W.F. Bach: Klavecimbelconcerten in f, e, F, Es en a; Sinfonia’s in d en F; Sonates nr. 2 in A en 3 in Bes; Polonaise nr. 10 in f; Fuga nr. 8 in f. Guy Penson (klavec./pianoforte) met resp. het Ricercar Consort o.l.v. Adrian Chamorro en Il fondamento o.l.v. Paul Dombrecht. Ricercar RIC 297 (2 cd’s, 2u 34’49”). 1989/96
De oudste en ongelukkigste zoon van J.S. Bach gaf al vroeg aanleiding tot legendevorming. Zo loopt er een wijde boog van Brachvogels in 1858 verschenen roman tot een in Nazi Duitsland door Gustav Gründgens gedraaide film waarin sentimentalisatie en ideologisatie de hoofdtoon hebben.

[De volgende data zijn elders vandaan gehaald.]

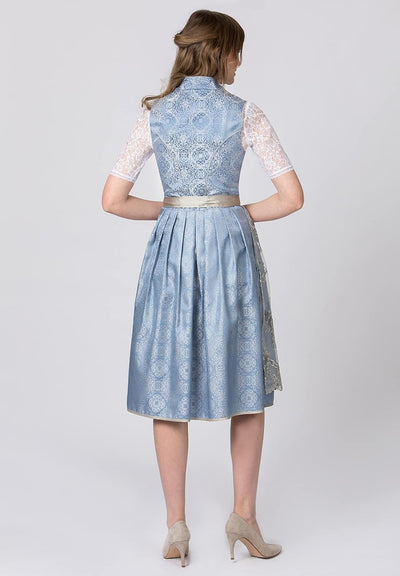 Stockerpoint Damen Dirndl Odina Kleid für besondere Anlässe, Rauchblau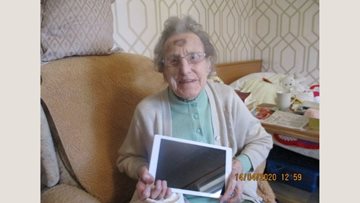 Whittlesey care home Residents enjoy keeping in touch with loved ones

De man was zijn tijd eenvoudigweg te ver vooruit. Zich enerzijds baserend op de grondige lessen (‘Hoe schrijf ik een doorwrochte fuga?’) en anderzijds vooruitlopend op Sturm und Drang pleitte hij ook voor de autonomie van de musicus, wat hem in de toenmalige burgerlijke maatschappij niet in dank werd afgenomen. Niet toevallig staan veel van zijn werken in mineur en getuigen ze van spanningen. Opvallend mooi zijn ook vaak de toegepaste doorwerkingen. Dat de extremen aan expressiviteit zijn tijdgenoten stoorde, is wel verklaarbaar. Des te genietbaarder zijn ze voor de huidige luisteraar.
Guy Penson en de beide ensembles (alle houden braaf 430Hz aan) zorgen voor contrastrijk en intensief spel op het vereiste (niet nader gespecificeerde) instrumentarium. Het klimaat van musiceren is heel adequaat en staat gelukkig veraf van een dor akademische aanpak die juist deze Bachzaam niet heeft verdiend. Al met al is het meteen een mooie dwarsdoorsnede door zijn orkestwerken en concerten. Een mooie aanvulling op wat bijvoorbeeld Haenchen in 1993 met zijn C.P.E. (!) Bachorkest deed op Berlin Classics BC 1138-2.